I piani dei tavoli sono in MDF resistente all’acqua. Per quanto riguarda le finiture, uno smalto a base d’acqua riveste gli arredi interni. Per quelli outdoor c’è una combinazione dello stesso smalto con un inchiostro indiano. Trattasi di un repellente naturale e totalmente organico. In generale Lucas ha evitato ogni forma di decorativismo e superfluo abbellimento. Ad esempio, ha preferito realizzare le plafoniere riutilizzando le cassettine dei cavi elettrici in PVC. Per far crescere eventualmente piante rampicanti che daranno anima e vita allo spazio ha maturato l’idea di disporre reti metalliche sulle pareti perimetrali del patio.

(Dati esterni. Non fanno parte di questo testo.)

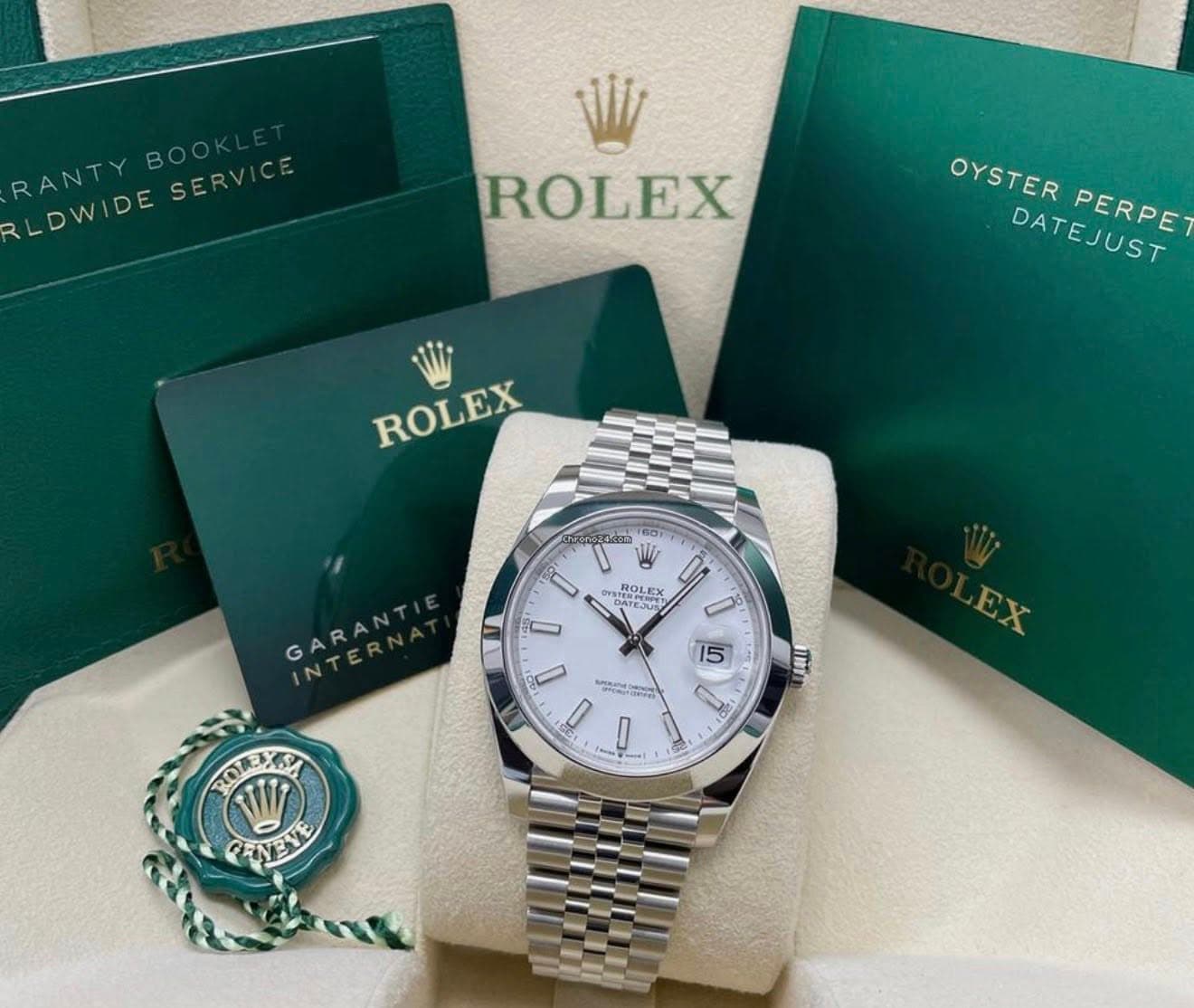 May be an image of wrist watch and text that says 'LDWIDESER RANTY RLDWIDE LOWIDESERVICE SERVICE SERV ROLEX OYSTER DATEJUST DATEJUST PERPE ROLEX 60 ROLEX 注康内究功 AE ATE-JUS กิก…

Come si evince da quella che potrebbe essere una banale opera di ristrutturazione, riutilizzare materiali industriali o di scarto in maniera innovativa è una prassi consolidata per il designer spagnolo. E Il risultato è un progetto che riconsidera il costruire come un’opportunità per congegnare strategie sostenibili di produzione, consumo, lavoro e rifornimento.

È possibile quindi adottare un simile approccio in ambito domestico?

Chiaramente si! Basta solo un po’ di perspicacia e tanta capacità di osservazione e catalogazione. Con Temporal – Machado Muñoz, Lucas presentò una collezione di oggetti prendendo, come punto di partenza le informazioni che le Nazioni Unite avevano appena condiviso relativamente al consumo del suo paese di origine. Riferendosi, così, ai dati relativi ai chili di asfalto prodotti al secondo, all’ammontare di tubi in rame consumati in media e ai volumi d’acqua utilizzati da uno spagnolo, ha costruito mobili in cui le funzioni sono definite dal volume e dalla quantità di materiali impiegati. È in questo modo che, come un analista, ha trasferito dei dati di fenomenologia sociale nella morfologia domestica. Decontestualizzando i grafici, Lucas ha di fatto materializzato l’impatto della nostra presenza sulla terra come cittadini e soprattutto come consumatori.

Lucas Muñoz Muñoz, Temporal – Machado Muñoz

Bene, a questo punto non possiamo non chiudere con un progetto che attesta il carattere partecipativo, inclusivo e, perché no, ironico insito in tanto impegno sociale ed ambientale. Con Mobiliario Urbano, infatti, Lucas ha introdotto quelli che lui stesso chiama ‘wild objects’ in aree che non dispongono dell’arredo urbano necessario per generare la partecipazione attiva della cittadinanza. Si tratta di forniture realizzate con materiali di scarto che, recuperati durante una serata all’aperto con amici, sono stati rivisitati con il semplice uso di scotch, corde e schiume poliuretaniche, per farne dei luoghi di socialità. Quale altro modo per applicare la disciplina di uno spirito creativo consapevole nel bene comune!